Basics Flashcards
What is the default materialization used by DBT if you don’t specify one?
A. Table
B. View
C. Incremental
D. Ephemeral
B. View
Explanation:
In DBT, if no materialization is specified in the config block of a model, the default behavior is to create a view.
Materialization determines how DBT creates and persists a model in the database.
View: A logical query stored in the database that gets executed when queried.
Table: A physical table stored in the database with persistent data.
Incremental: A table that updates or appends data in smaller batches.
Ephemeral: A temporary result that exists only in the context of a single query.
Key Takeaway
View is the default materialization in DBT because it is lightweight and does not require extra storage.
Question 2:
What is the purpose of the on_schema_change configuration in DBT?
A. To automatically rebuild a model if the schema of upstream tables changes.
B. To allow DBT to update or replace target table columns when the schema changes.
C. To enforce strict validation rules for schema consistency.
D. To control whether views or ephemeral models are rebuilt on schema changes.
Correct Answer: B. To allow DBT to update or replace target table columns when the schema changes. 🎉
Explanation:
The on_schema_change configuration in DBT is used in incremental models to handle changes in the schema of the target table. It determines how DBT reacts when columns in the upstream source or model change (e.g., new columns are added).
Options for on_schema_change
- ignore: DBT will ignore schema changes. This is the default behavior.
- append_new_columns: DBT will add new columns to the target table without deleting or replacing the existing ones.
- fail: DBT will throw an error if there are schema changes, stopping the execution.
Key Takeaway:
The on_schema_change setting is critical for incremental models where upstream schema changes might happen.
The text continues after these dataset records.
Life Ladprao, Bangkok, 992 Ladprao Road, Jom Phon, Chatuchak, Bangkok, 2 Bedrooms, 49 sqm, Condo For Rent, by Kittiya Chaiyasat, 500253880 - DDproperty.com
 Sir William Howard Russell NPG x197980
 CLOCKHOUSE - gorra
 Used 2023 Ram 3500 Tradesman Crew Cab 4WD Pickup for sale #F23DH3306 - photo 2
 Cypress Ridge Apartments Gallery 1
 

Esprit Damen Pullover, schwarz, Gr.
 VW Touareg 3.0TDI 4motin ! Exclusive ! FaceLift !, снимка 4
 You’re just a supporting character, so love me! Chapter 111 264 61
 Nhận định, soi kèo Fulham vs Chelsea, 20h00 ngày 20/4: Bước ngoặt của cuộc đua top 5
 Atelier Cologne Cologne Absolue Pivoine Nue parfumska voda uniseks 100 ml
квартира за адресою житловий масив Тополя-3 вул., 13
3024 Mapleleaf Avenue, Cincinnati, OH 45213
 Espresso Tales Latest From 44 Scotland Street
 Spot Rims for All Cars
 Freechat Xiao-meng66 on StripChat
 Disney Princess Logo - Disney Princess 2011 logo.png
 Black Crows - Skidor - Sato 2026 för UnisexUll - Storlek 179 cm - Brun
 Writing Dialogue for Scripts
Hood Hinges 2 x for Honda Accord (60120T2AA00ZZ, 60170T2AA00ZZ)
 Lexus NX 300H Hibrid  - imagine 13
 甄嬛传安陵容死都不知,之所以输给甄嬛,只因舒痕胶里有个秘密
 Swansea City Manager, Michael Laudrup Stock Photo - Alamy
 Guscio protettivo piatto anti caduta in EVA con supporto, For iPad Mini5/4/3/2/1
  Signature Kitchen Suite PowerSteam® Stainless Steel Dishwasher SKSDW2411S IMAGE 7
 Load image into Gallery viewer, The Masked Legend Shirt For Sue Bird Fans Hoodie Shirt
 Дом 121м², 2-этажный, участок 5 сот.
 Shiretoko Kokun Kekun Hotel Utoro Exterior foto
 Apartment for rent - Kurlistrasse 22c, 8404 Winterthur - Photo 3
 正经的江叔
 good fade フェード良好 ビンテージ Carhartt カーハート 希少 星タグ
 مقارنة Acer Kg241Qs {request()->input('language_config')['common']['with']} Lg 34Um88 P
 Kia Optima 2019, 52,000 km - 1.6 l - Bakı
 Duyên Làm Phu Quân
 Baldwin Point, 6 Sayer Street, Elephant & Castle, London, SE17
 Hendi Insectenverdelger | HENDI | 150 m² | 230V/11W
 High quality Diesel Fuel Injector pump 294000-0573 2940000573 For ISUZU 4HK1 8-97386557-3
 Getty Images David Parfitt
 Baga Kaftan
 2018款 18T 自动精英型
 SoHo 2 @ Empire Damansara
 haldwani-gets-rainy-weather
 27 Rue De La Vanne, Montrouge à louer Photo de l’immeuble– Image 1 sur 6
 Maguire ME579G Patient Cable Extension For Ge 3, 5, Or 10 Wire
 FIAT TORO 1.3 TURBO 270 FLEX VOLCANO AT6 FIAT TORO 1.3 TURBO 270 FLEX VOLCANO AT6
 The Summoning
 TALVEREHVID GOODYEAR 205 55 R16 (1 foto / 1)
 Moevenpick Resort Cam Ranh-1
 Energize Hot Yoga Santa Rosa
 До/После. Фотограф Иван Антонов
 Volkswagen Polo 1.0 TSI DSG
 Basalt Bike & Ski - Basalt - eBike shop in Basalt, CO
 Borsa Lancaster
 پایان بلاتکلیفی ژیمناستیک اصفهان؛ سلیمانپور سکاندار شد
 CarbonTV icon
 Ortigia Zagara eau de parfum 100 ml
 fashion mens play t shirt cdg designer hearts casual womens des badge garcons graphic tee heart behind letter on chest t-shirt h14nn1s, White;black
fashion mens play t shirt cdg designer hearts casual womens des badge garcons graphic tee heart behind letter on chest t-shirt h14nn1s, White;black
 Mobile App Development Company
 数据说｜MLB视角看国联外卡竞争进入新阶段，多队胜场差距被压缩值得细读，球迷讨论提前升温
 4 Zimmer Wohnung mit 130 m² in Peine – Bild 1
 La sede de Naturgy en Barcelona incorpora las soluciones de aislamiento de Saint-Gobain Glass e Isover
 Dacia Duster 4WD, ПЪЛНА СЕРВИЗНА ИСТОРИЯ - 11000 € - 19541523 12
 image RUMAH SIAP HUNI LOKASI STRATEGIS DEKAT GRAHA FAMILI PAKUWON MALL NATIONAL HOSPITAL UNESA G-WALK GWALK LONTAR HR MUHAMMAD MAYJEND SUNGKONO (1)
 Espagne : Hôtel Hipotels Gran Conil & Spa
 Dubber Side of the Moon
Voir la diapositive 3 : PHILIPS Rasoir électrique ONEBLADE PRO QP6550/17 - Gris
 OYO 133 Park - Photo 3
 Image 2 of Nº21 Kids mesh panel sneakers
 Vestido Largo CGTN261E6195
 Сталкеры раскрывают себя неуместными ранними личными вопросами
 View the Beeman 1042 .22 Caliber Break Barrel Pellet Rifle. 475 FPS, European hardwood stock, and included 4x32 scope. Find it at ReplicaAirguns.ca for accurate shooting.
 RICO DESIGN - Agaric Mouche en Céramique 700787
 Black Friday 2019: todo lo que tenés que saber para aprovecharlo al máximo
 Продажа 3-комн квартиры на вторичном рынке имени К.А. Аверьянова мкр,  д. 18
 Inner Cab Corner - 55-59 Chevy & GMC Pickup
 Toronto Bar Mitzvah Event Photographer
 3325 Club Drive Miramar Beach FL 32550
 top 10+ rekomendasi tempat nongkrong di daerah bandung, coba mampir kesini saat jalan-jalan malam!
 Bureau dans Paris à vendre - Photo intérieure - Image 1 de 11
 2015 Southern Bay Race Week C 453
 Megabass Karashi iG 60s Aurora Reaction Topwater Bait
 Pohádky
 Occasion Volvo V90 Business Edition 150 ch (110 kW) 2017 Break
It enables DBT to adapt to those changes without manual intervention.
Example Usage:
{{ config(
materialized=’incremental’,
on_schema_change=’append_new_columns’
) }}
SELECT *
FROM my_source_table
In this case, if new columns are added to my_source_table, DBT will add those new columns to the target table when the model runs.
What does the dbt seed command do?
A. Loads CSV files into the database as tables.
B. Generates SQL scripts for data models.
C. Runs tests on the source data to ensure data quality.
D. Creates ephemeral models from raw data files.
Correct Answer: A. Loads CSV files into the database as tables.
Explanation:
The dbt seed command is used to load CSV files into the database as tables. These tables can then be referenced like any other model in DBT.
How dbt seed Works:
- Place your CSV files in the data directory of your DBT project.
Example project structure:
my_dbt_project/
├── models/
├── data/
│ ├── customers.csv
│ ├── products.csv
- Run the dbt seed command:
dbt seed
- DBT reads the CSV files and creates database tables using the data in the CSV files.
Key Takeaway:
The dbt seed command simplifies loading static CSV data into your database, making it accessible for models and transformations.
What is the purpose of the dbt snapshot command?
A. To create ephemeral models for temporary data storage.
B. To capture and track historical changes in source data over time.
C. To test and validate the freshness of source data.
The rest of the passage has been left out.